Parallel Shell Utilities
The most fundamental tool needed to administer a cluster is a parallel shell, which allows you to run the same command on a series of nodes.
There are 3 popular ways to perform parallel actions on HPC clusters:
- Using a shell script
- Using Pdsh
- Using ClusterShell
No extra installation is needed to use the shell script method but you’ll have to install Pdsh and ClusterShell if you want to use them. The OpenHPC stack comes with them pre-packaged. I won’t be going over how to install them, but installation is simple with provided package managers.
Before we dive into these 3 methods, its important to note that you should have ssh set up to authenticate with ssh keys, instead of a password for this to work. Don’t skip this, or your’ll have to enter your password way too many times!
Using a shell script
This method can be done with any scripting language, but I’ll use bash.

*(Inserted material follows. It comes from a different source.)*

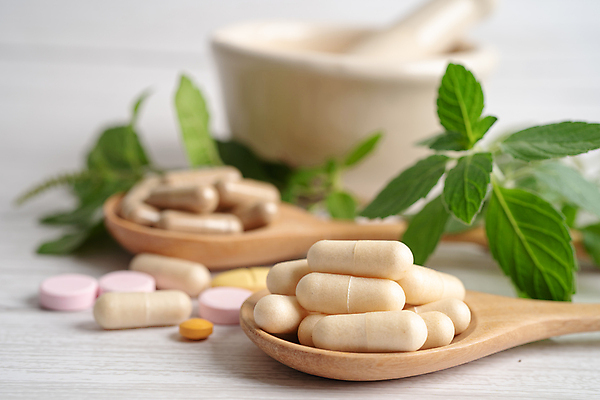 포토 JPG 해외이미지 건강 사람없음 알약 약 숟가락 허브 유기농 절구 절구방아 해외202309 해외포토 식물 웰빙 의학 수저 도구 파일형식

Create a script that you want ran:
#!/bin/bash
# You will need to run this script on a passwordless account!
for NODE in node1 node2 node3
do
ssh $NODE uptime
done
And run it with sh your-script.sh
. This will run your command on all nodes, one at a time, printing everything to the screen.
Using Pdsh
“Pdsh is a multithreaded remote shell client which executes commands on multiple remote hosts in parallel.”
Using pdsh is simple enough:
# perform th uptime command on node1, node2, node3 and node 4
$ pdsh -w node[1-4] uptime
node1: 19:01:18 up 1 day, 19:19, 1 user, load average: 0.29, 0.57, 0.53
node2: 19:11:25 up 1 day, 19:19, 1 user, load average: 0.29, 0.57, 0.53
node3: 19:19:11 up 1 day, 19:19, 1 user, load average: 0.29, 0.57, 0.53
node4: 19:20:45 up 1 day, 19:19, 1 user, load average: 0.29, 0.57, 0.53
Using ClusterShell
ClusterShell is built and maintained by CEA-HPC and claims to be effective on supercomputers with 5,000 compute nodes. Using ClusterShell is very similar to pdsh
$ clush -w foo[1-5] echo "Hello World"
ClusterShell does some merging of outputs and does a better job of handling hanging nodes than pdsh.